A Novelist Comes Home to Bury Her Words, and Brings Them Back to Life


The best stories live within us long after the final word; characters and places continue beyond the lines on a page. Yet the image of all the unfinished, unsatisfying, impossible stories we leave in our wakes haunts the writer as well as the reader. And with more than 20 books published across a three-decade career, no one may be haunted more than Julia Alvarez.

The hero of Alvarez’s seventh novel, Alma Cruz, is a writer from the Dominican Republic who has come to the United States and created a literary life, beginning with critically acclaimed books about the motherland and evolving into a chronicler of life in the U.S.A. (Longtime readers of Alvarez’s work will recognize her own trajectory, from her early classics like “How the García Girls Lost Their Accents” and “In the Time of the Butterflies” through poetry, memoir, children’s books and more.)

The famous author has always wrestled shadow and sunlight, laughter and agony, into tales that sometimes felt like ghost stories. Readers knew to seek the truths behind the narrative — to find sorrow in the funniest scenes, or the unexpected outburst of joy in a somber one. Of course, I am speaking about Alma Cruz. (But also, Julia Alvarez.)

One day, Alma decides she has had enough with the fame game, the big career and its ups and downs. She comes to a lovely conclusion: It is time to return to the homeland she fled, and she will take all the drafts of her unfinished or unpublished books and lay them to rest there, giving each a proper burial. She buys a plot of land and begins to build a graveyard.

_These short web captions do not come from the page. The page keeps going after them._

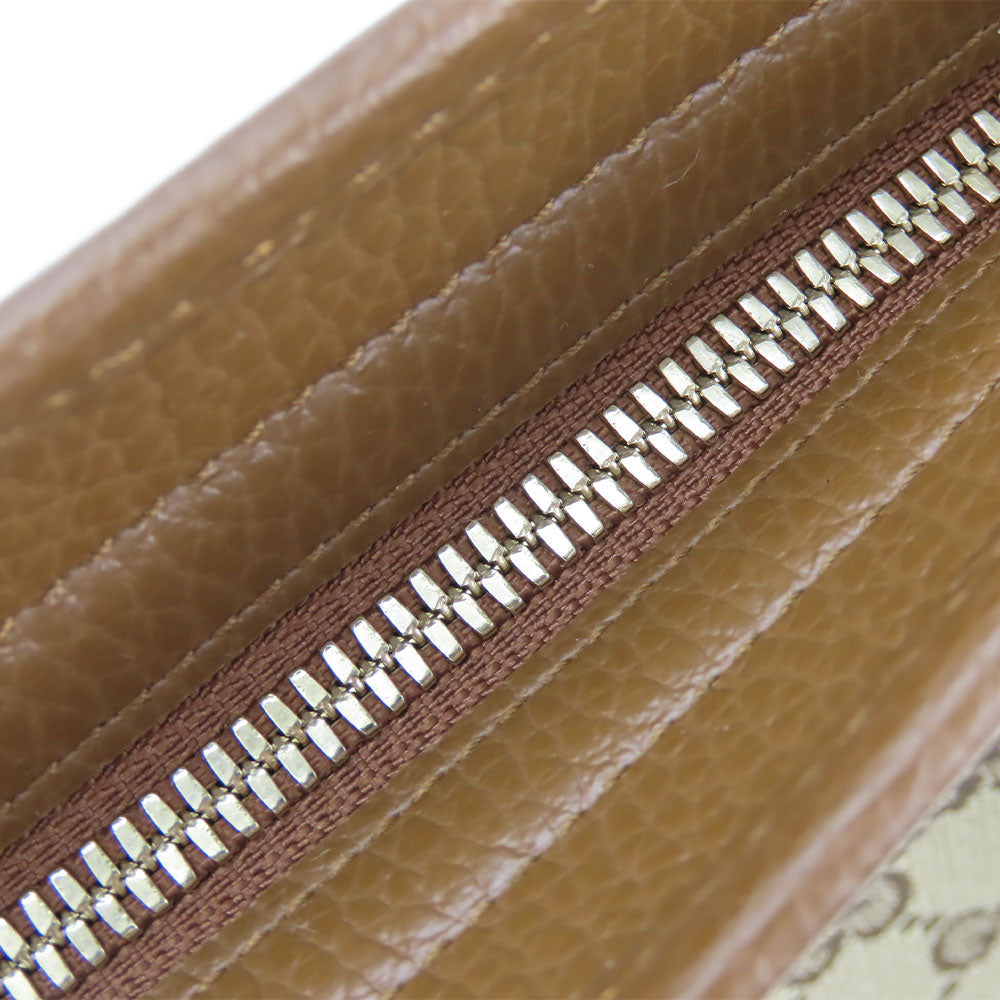 GUCCI Handbag 449241 Leather, GG canvas Brown Women Used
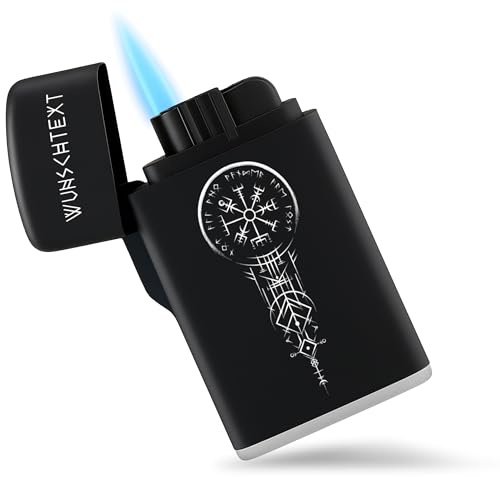 Feuerzeug Sturmfeuerzeug - Wikinger & - Vikinger Kompass Vegvisir mit Name I Vikinger Geschenk Vikings I Keltischer Wegweiser I Valhalla Geschenke Walhalla - 6,5 x 4 cm - Schwarz - Viking Lighter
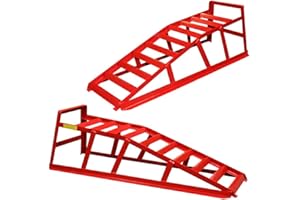 JOMAFA Set de rampas para Coche Par de rampas Elevadoras Capacidad 2 toneladas portatiles Extra Sólidas y Ancha Elevador para Coches, 2 Unidades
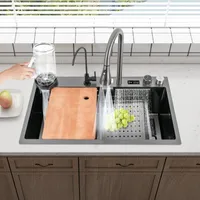 Digitální multifunkční kuchyňský dřez s kohoutkem 75*46*20cm nerezový dřez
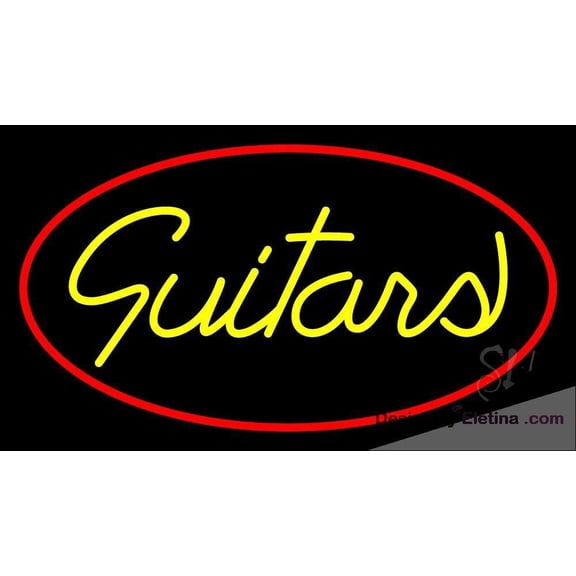 Neon Signs for Wall Decor Yellow Guitars Cursive Sign Neon Led Tubing16x20inch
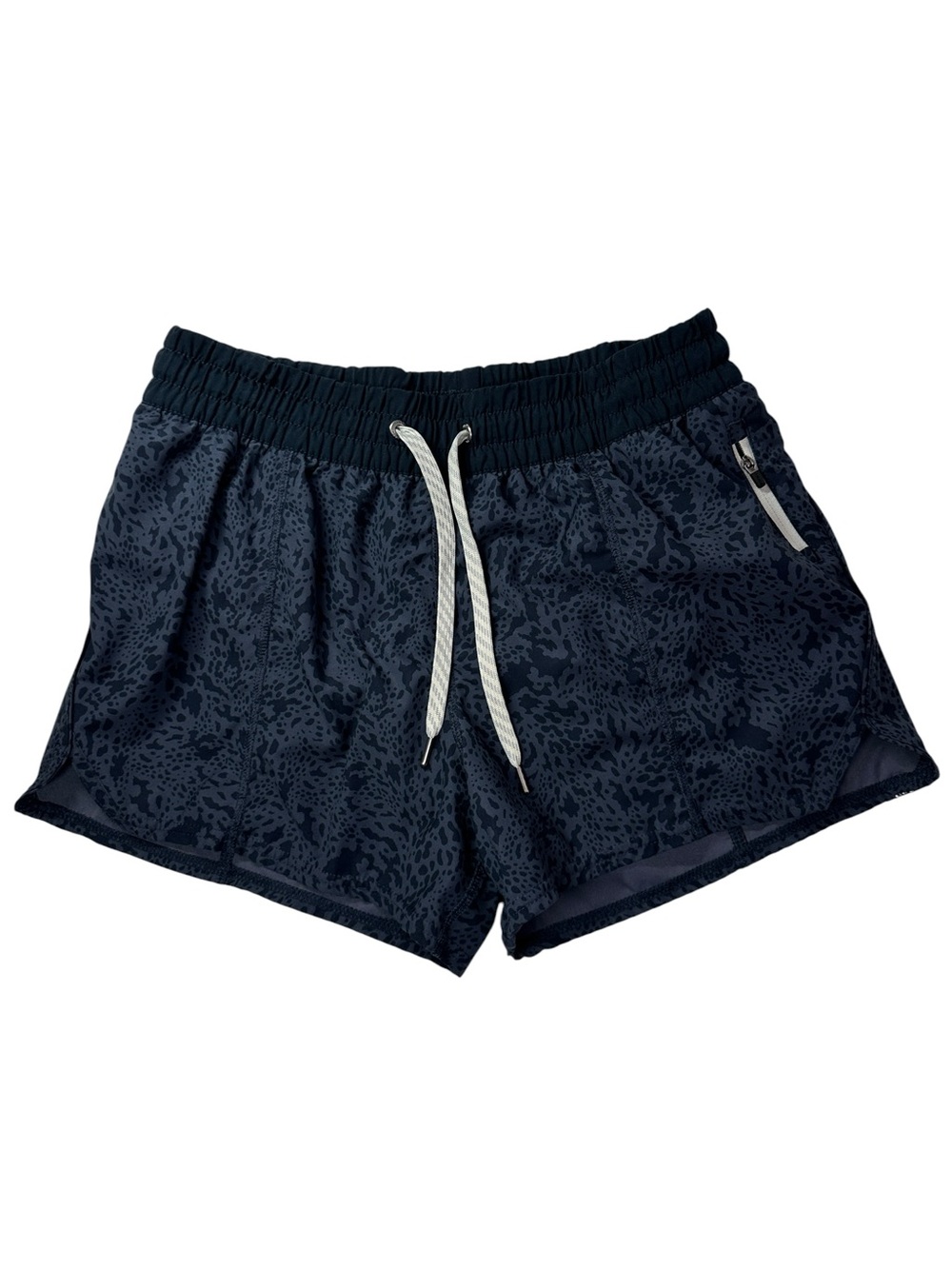 Vuori Women’s Performance Running Shorts M Blue Animal Print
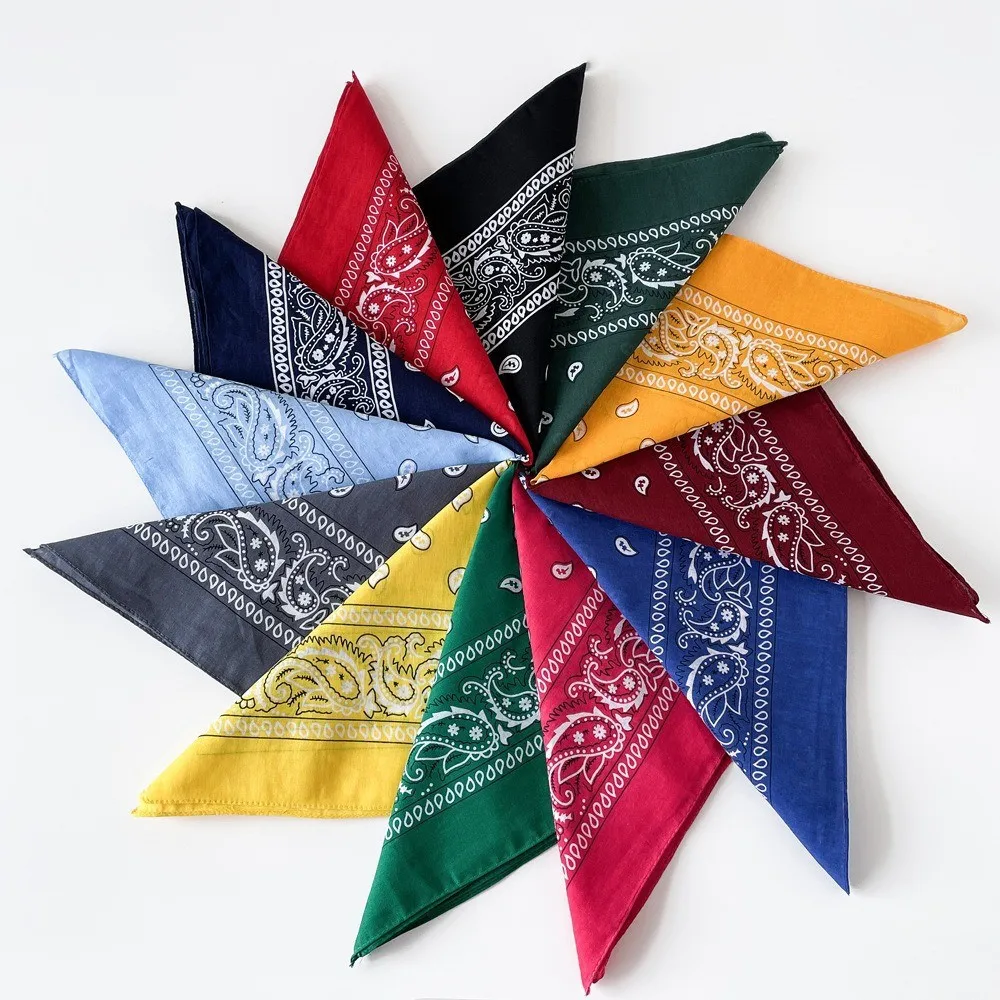 Pañuelo cuadrado de algodón puro con estampado paisley y flor de cachemira, estilo hip-hop, para actividades al aire libre, venta al por mayor, bandana, pañuelo para la cabeza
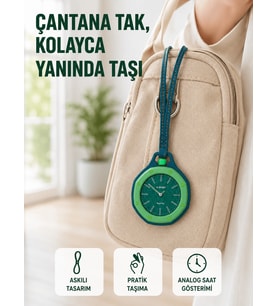 Askılı Analog Saat Pantolon Kemer ve Çanta Aksesuarı Yeşil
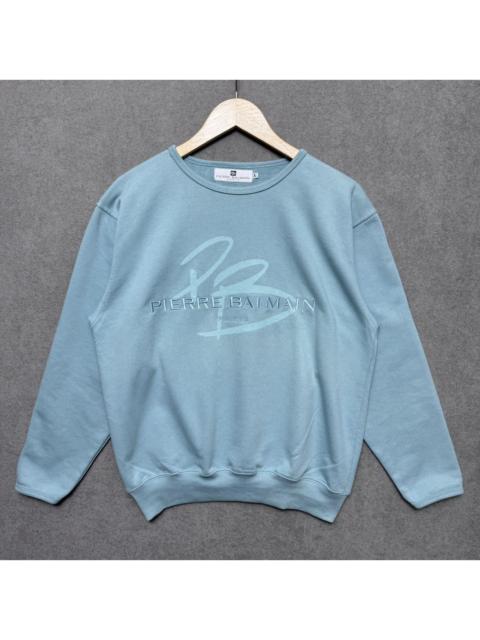 Balmain Pierre Balmain Embroidered Baby Blue Spell Out Logo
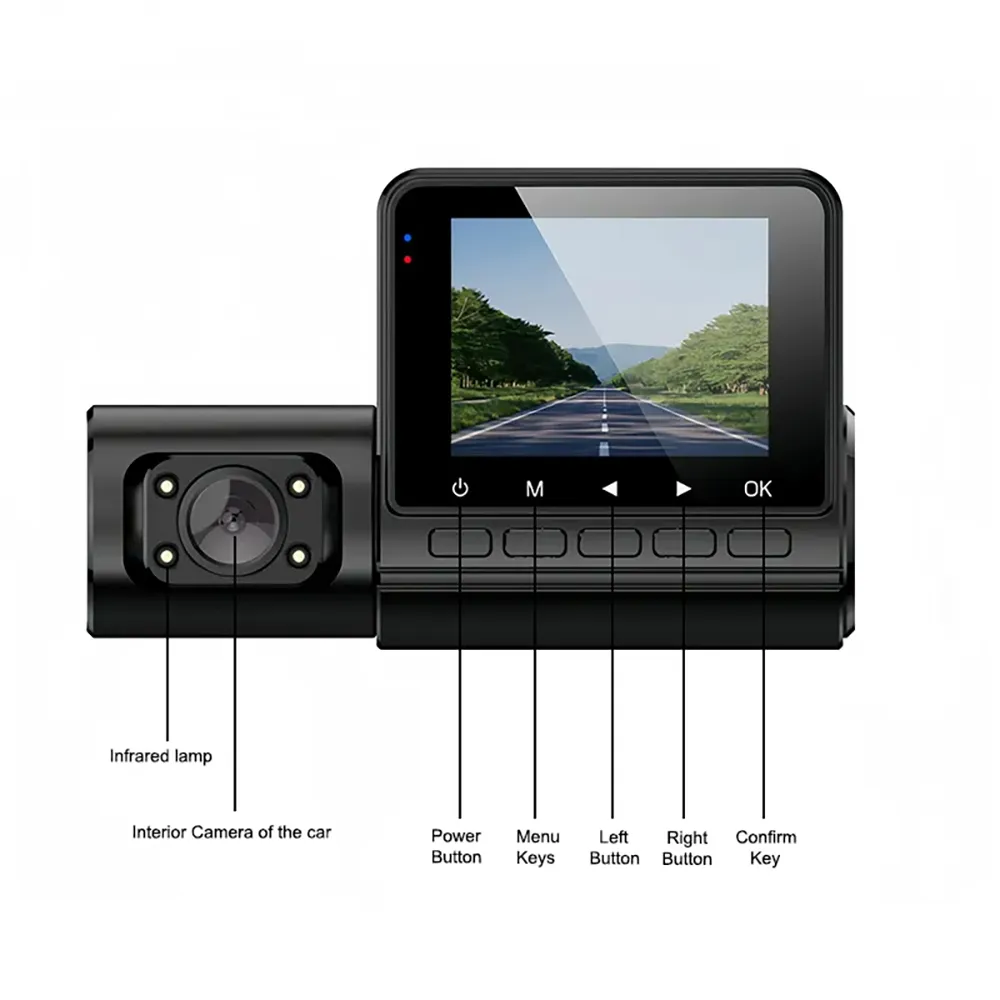 3 Lens Car Dash Cam Front Inside Rear Lens Car Driving Recorder HD 1080P Rear Camera Night Vision Dual-Angle Car DVR Driving Video Recorder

The locals become a fantastic choir of curious, suspicious, baffled neighbors: One rumor has it that “the place will be a resort, which would provide employment for maids, gardeners, waiters, cooks, watchmen”; another imagines “a grand house, complete with a swimming pool, a tennis court, a mini putting green.” Still another posits, “A baseball academy would be a dream come true for the tigueritos roaming the streets. Keep them out of trouble.” But when they realize Alma is building a graveyard, the outburst is comedic: a cemetery! Fear of zombies immediately clashes with the fear of homeless people defecating in mausoleums — and what kinds of jobs, by the way, are there in a boneyard? They have more reckoning to do when they realize Alma intends to put her stories in the ground, literally.